Террор как метод подмены истины и инструмент подчинения реальности | Знания, мысли, новости — radnews.ru


Террор как метод подмены истины и инструмент подчинения реальности

1

Тоталитарные режимы XX века, власть которых связана с конструированием идеологического пространства, в процессе своего становления и функционирования неизбежно прибегали к террору. Насилие над политическими оппонентами – это классический метод борьбы с конкурентами, но в случае с тоталитаризмом репрессии имеют и онтологические основания. Как писала Х. Арендт, целью террора в условиях тоталитарного режима является не благо реальных людей, а интересы выдуманного, в рамках внутренней доктрины, человечества.

Борьба, которую подобный режим ведет против врагов «истории», или «природы», нацелена не столько на устранение противников действующей политики, сколько на укоренение новых значений в общественном сознании. Так, слова «история» и «природа» в условиях тоталитарной пропаганды становятся выражением самого принципа движения: движения к вымышленной реальности, понимаемой как «будущее». Таким образом, страх и насилие становятся методом конструирования гиперреальности внутри отдельно взятого государства. Но корни подобной методологии уходят вглубь человеческой истории, что позволяет говорить о смыслообразующем аспекте терорра как о проблеме, требующей философской рефлексии. М. Вебер квалифицирует понятие «государство» как союз людей, получивший монополию на легитимное насилие.
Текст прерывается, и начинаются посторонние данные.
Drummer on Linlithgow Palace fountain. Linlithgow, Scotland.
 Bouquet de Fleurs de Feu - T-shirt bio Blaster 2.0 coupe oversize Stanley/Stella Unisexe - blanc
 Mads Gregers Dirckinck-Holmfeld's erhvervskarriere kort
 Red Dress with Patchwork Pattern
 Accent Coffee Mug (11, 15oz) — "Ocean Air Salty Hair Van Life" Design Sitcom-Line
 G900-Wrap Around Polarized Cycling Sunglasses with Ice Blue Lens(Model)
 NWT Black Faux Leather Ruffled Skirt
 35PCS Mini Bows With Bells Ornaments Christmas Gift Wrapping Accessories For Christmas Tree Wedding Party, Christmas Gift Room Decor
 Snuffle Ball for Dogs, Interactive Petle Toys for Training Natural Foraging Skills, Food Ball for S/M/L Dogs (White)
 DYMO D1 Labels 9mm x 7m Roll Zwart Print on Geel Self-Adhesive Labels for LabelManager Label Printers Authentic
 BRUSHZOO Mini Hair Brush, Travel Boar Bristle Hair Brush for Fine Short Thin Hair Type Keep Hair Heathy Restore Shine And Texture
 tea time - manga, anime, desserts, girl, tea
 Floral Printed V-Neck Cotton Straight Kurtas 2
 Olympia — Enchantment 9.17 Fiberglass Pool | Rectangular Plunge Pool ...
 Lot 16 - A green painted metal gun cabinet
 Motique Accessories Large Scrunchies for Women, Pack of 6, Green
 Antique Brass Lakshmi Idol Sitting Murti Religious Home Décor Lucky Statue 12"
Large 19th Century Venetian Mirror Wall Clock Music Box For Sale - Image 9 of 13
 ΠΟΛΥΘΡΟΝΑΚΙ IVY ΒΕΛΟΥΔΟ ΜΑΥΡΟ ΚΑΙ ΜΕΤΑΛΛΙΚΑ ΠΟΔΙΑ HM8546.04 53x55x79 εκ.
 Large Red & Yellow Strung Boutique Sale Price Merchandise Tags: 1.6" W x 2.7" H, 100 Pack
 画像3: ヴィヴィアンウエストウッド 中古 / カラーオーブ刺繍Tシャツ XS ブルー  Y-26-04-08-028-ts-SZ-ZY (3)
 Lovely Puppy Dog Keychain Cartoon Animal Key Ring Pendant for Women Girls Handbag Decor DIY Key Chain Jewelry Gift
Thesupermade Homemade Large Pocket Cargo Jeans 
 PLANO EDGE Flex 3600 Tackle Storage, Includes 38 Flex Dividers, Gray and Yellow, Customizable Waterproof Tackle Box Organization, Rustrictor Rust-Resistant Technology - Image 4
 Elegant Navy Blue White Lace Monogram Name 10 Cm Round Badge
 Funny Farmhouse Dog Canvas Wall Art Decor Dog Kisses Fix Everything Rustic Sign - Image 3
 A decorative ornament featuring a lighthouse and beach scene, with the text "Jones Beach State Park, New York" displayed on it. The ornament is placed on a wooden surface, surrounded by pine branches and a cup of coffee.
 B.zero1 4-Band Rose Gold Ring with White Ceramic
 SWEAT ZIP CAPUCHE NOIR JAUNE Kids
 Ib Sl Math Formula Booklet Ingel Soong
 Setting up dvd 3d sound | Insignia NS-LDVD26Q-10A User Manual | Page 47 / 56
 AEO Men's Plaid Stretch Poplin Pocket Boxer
Такая трактовка не является общепризнанной (та же Х. Арендт писала о противоположности насилия и власти), но она достаточно функциональна, чтобы быть принятой на вооружение при анализе масштабных кровопролитий, сопровождающих человечество на пути его бурного развития. История изобилуют примерами массовых вспышек насилия, причины которых сегодня могут трактоваться как политические: резня на Авентинском холме в 121 г. до н. э., резня в День святого Брайса в 1002 г., «Варфоломеевская ночь» 1572 г. и пр. Но, поскольку нас интересует непосредственная попытка насильственного вмешательства в поле символической реальности, то особое внимание стоит обратить на события во Франции конца XVIII в. Генезис понятия «террор», в его современном значении, связывают с Великой французской революцией. Под ним понимается не просто ряд массовых насильственных актов, но особая форма политического контроля. Как пишет Ю. С. Горбунов: «Во Франции террор, потерявший экономическую мотивацию, впервые возводится в ранг

государственной политики постфеодального и постмонархического обществ» [2, c. 34]. Об этом позволяет говорить серийный и официально декларируемый характер репрессий в период la Terreur. Х. Арендт разделяет понятия «насилие» и «террор», характеризуя последнее следующим образом: «Форма правления, возникающая, когда насилие, разрушив всякую власть, не уходит со сцены, но, напротив, сохраняет за собой полный контроль» [1, с. 65]. Х. Арендт утверждает, что если вчерашний палач уже на следующей день выступает в роли новой жертвы, то ни о какой власти не может быть и речи. Но что тогда является целью систематического насилия, если выстраиваемая им структура не дает реализоваться «воле к власти»? Касаясь темы террора и Великой французской революции в эссе «Литература и право на смерть» М. Бланшо указывает на отправную точку этих феноменов, описывая момент личного переживания «революции»: «Человек знает, что он не покидал истории, но эта история опустела, стала пустотой в становлении, абсолютной свободой, превращенной в событие» [3, с. 30]. Это переживание трансформируется в революционное действие, осознаваемое как последнее свершение. Единственным возможным выбором является выбор между свободой и небытием. Смыслом террора, в такой интерпретации, является стирание всяких различий, как физических, так и духовных.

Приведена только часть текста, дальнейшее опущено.